17 avril 2018 17:49 "Dan White" <dwhite at olp.net> a écrit:

> On 04/17/18 12:05 +0000, marlox at ouda.fr wrote:
> 
>> When I query ldap service on SRV_B with ldapsearch from SRV_A,
>> the requested TGS to the KDC is ldap/localhost or ldap/SRV_A.REALM and
>> not ldap/SRV_B.REALM.
>> I expect to send ldap/SRV_B.REALM TGS but I may miss something in the intended behaviour.
>> 
>> Here is a transcript (from SRV_A) : (REALM = DOMAIN.TLD)
>> 
>> # kinit user
>> Password for user at REALM:
>> # klist
>> Ticket cache: FILE:/tmp/krb5cc_0
>> Default principal: user at REALM
>> 
>> Valid starting Expire Service principal
>> ********** ****** krbtgt/REALM at REALM
>> renew until ******
>> # ldapsearch -H ldap://SRV_B.domain.tld -LLL -b dc=domain,dc=tld
>> # strace yy -y -s 128 -o dump.log ldapsearch -H ldap://SRV_B.domain.tld -LLL -b dc=domain,dc=tld
>> # grep :88 dump.log | tail -n2 # Anonymised
>> read(5<TCP:[IP_SRV_A:5####->IP_SRV_B:88]>, "...\17REALM\252)...ldap\33srv_a.domain.tld..., 343) =
>> 343
>> close(5<TCP:[IP_SRV_A:5####->IP_SRV_B:88]>) = 0
> 
> This has the feel of a DNS/host resolution issue. Do you have PTR records
> configured appropriately?
> 
>> In my first investigation, i had ldap/localhost that was requested and I have done the following
>> modification.
>> In /etc/hosts, i also SRV_A.domain.tls with 127.0.0.1
> 
> This seems problematic. From the perspective of your KDC, it will have
> difficulty establishing which service tickets to provide without a clear
> distinction/delineation as to which host owns which IP.
> 
> I suggest moving away from any mention of 127.0.0.1 as least from the KDC's perspective.
> 
>> In [domain_realms] section of REALM, i added the following statement,
>> localhost = REALM
>> 
>> For information, SRV_A is integrated in domain through SSSD and SRV_B is a domain controller.

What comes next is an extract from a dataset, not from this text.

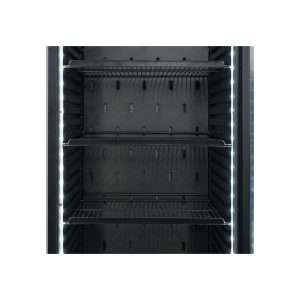 Vitrina refrigerada para bebidas de 378 lt negra con marco de LED azul temperatura de 0°C a +7°C - Imagen 11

>> Configuration file are :
>> /etc/ldap/ldap.conf:
>> BASE dc=domain,dc=tld
>> URI ldap://SRV_B.domain.tld
>> EOF
>> 
>> /etc/krb5.conf:
>> [libdefaults]
>> default_realm = REALM
>> rdns = false
> 
> Be sure you know what you're doing here. This does not appear to be default
> configuration.
> 
> Please review https://web.mit.edu/kerberos/krb5-1.13/doc/admin/princ_dns.html
> 
>> Other system information:
>> 
>> I use Debian 9.1 linux 4.9.0-3-amd64 and following packages:
>> * libc6 2.24-11+deb9u1
>> * libldap-common 2.4.44+dfsg-5+deb9u1
>> (idem version for libldap-*)
>> * krb5-config 2.5
>> * krb5-usr 1.15-1+deb9u1
>> (idem version for libkrb5* and ssd-krb5*)

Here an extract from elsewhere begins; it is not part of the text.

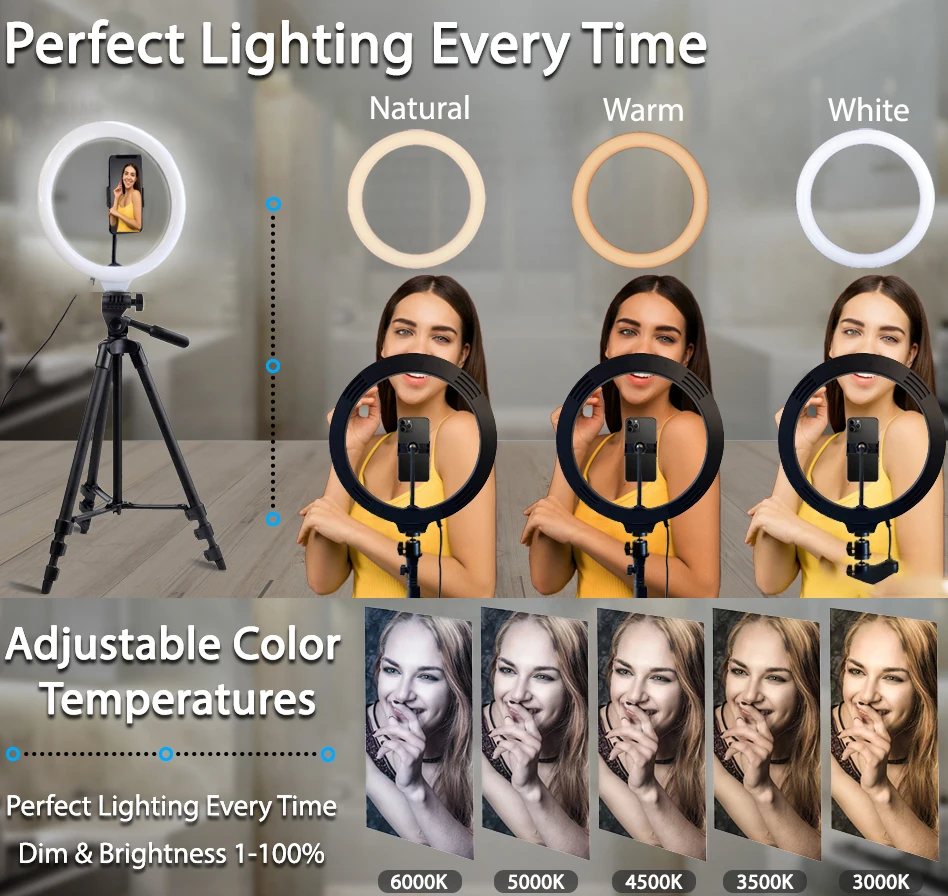 26cm Photo Ringlight Led Selfie Ring Light Phone Bluetooth Remote Lamp Photography Lighting Tripod Holder Youtube Video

>> * libsasl2-2 2.1.27~101-g0780600+dfsg-3
>> (idem version for libsasl2-modules*)
>> 
>> I have to admit that I don't know if the issue is related to ldap-utils, cyrus-sasl or kerberos but
>> ldap-utils packages seems to be the most relevant one.
> 
> Most likely if this behavior is the result of a bug, it is either with
> cyrus-sasl or the underlying kerberos library (mit).